Ridurre il numero dei parlamentari significa soprattutto dare maggiore potere ai cittadini e aumentare l’autorevolezza della Camere.
Meno rappresentati eletti corrispondono a un numero minore di candidati e quindi a una migliore selezione di base. Inoltre, ed è qui che entra in gioco uno degli effetti più importanti della riforma, i parlamentari – scelti dai cittadini in una rosa più ristretta e più virtuosa – avranno più peso, saranno più identificabili e quindi sarà più facile seguirne l’operato.
Innescato questo meccanismo, gli effetti non tarderanno ad arrivare e il rapporto tra gli elettori e i loro rappresentati non potrà che riequilibrarsi. Un deputato o un senatore più riconoscibile può essere seguito con facilità dai suoi elettori – e dai cittadini in generale – potendo così dimostrare maggiore attenzione alle loro esigenze che non a quelle del partito. Inutile sottolineare l’impatto positivo che un simile approccio può avere sulla nostra democrazia.

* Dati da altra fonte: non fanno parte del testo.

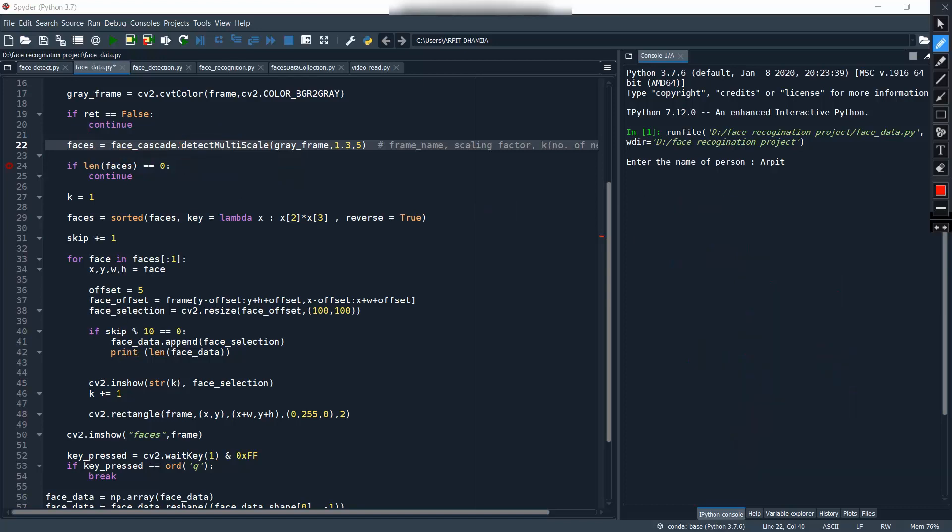Now let's look at the further code. This line — `faces = sorted(faces, key=lambda x: x[2]*x[3])` — it is just arranging your faces. Like if you have multiple faces in the video frame — my face, my sister's face, my brother's face — multiple faces will appear, and we have to sort those faces in increasing or decreasing order as per our need. We are passing a `sorted` function using a lambda function.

Come ha recentemente affermato il costituzionalista Roberto Zaccaria, l’autorevolezza del Parlamento non dipende direttamente dal numero ma dalla qualità dei suoi rappresentanti, e con la riforma costituzionale che ci accingiamo a votare il 21 e il 22 settembre possiamo finalmente dire Sì a un sistema improntato all’efficienza e alla qualità, in cui i cittadini – tutti, al di là, del sentimento politico – siano meglio rappresentati.